Welch concluded that any power to authorize laws or policies over the subject rested with the legislature and that until laws mandating religious instruction were passed, the courts had no authority to interfere.

First Amendment disestablishment of religion

Indicating that he would normally end his opinion at this point, Welch observed that because the issue “touches our religious convictions and prejudices, and threatens to disturb the harmonious working of the state government,” he considered it essential to address other matters raised by counsel in the case. In so doing, he showed how an individual with deep religious convictions could support the disestablishment of religion articulated in the First Amendment.
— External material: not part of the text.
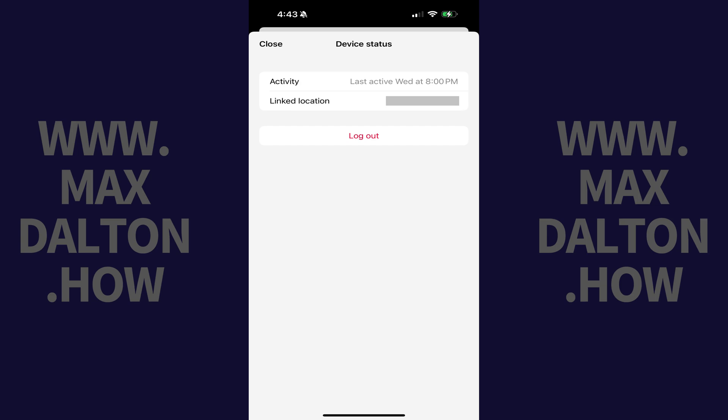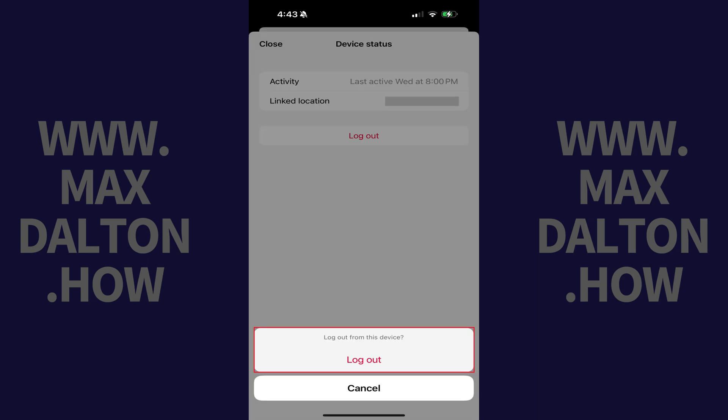Step 5: Tap Log Out. A window pops up asking if you want to log out of WhatsApp on this device. Step 6: Tap Log Out again.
Welch’s opinion proceeded to celebrate and defend what he considered to be “republican” ideals. Observing that the Ohio and U.S. constitutions referred to “religion” in general rather than to “Christian” religion or the Bible in particular, Welch noted that some of the men involved in writing these constitutions were not themselves Christians.

Taking up an issue prominent in the nineteenth century, Welch denied that Christianity was part of the common law (Supreme Court justice Joseph Story had argued that Christianity was such a part of the common law, a view opposed by Thomas Jefferson.) From Welch’s “Christian republicanism” perspective, “Legal Christianity is a solecism, a contradiction of terms,” because “[w]hen Christianity asks the aid of government beyond mere impartial protection, it denies itself.” Welch affirmed, “Religion is the parent, and not the offspring, of good government.”

Welch considered that a Christian teacher operating by the Golden Rule would have to contradict his own Christianity by using state authority to teach Christian doctrine. He further affirmed that any state tax to support religion “is of the very essence of tyranny” and “a first step in the direction of ‘an establishment of religion.’” The provision of the state bill of rights on the subject could be summarized by the words “hands off.”

Welch continued, “True republican doctrine” called for “a free conflict of opinions as to things divine; and it means masterly inactivity on the part of the state, except for the purpose of keeping the conflict free, and preventing the violation of private rights or of the public peace.” He observed, “The majority can protect itself. Constitutions are enacted for the very purpose of protecting the weak against the strong; the few against the many.”

A Christian, an infidel, and a Jew should be able “to carry on a government for their common benefit, and yet leave the religious doctrines and worship of each unaffected thereby, otherwise than by fairly and impartially protecting each, and aiding each in his searches after truth.”

Responding to charges that by eliminating religious exercises the state would be teaching infidelity, Welch distinguished between the teaching of infidelity and giving no public school religious instruction at all, although he did note that “charitable, punitive, and disciplinary institutions stand on an entirely different footing,” because in those cases, “the state [is] taking the place of the parent, and may well act the part of a parent or a guardian.”

Referring to James Madison as a man “whose purity of life and orthodoxy of religious belief no one questions,” Welch quoted him as saying, “Religion is not within the purview of human government” and that a “connection between them is injurious to both.” Welch also stated that his decision was not intended to exclude “any of the ‘readers,’ so called [this would have included McGuffey’s], or other books used as mere lesson books” from common schools.

When the U.S. Senate was debating the Blaine Amendment, which would have limited public funds to private schools, the Senate added an amendment providing that the amendment “shall not be construed to prohibit the reading of the Bible in any school or institution” in apparent reaction to Welch’s decision (Green 1992: 60).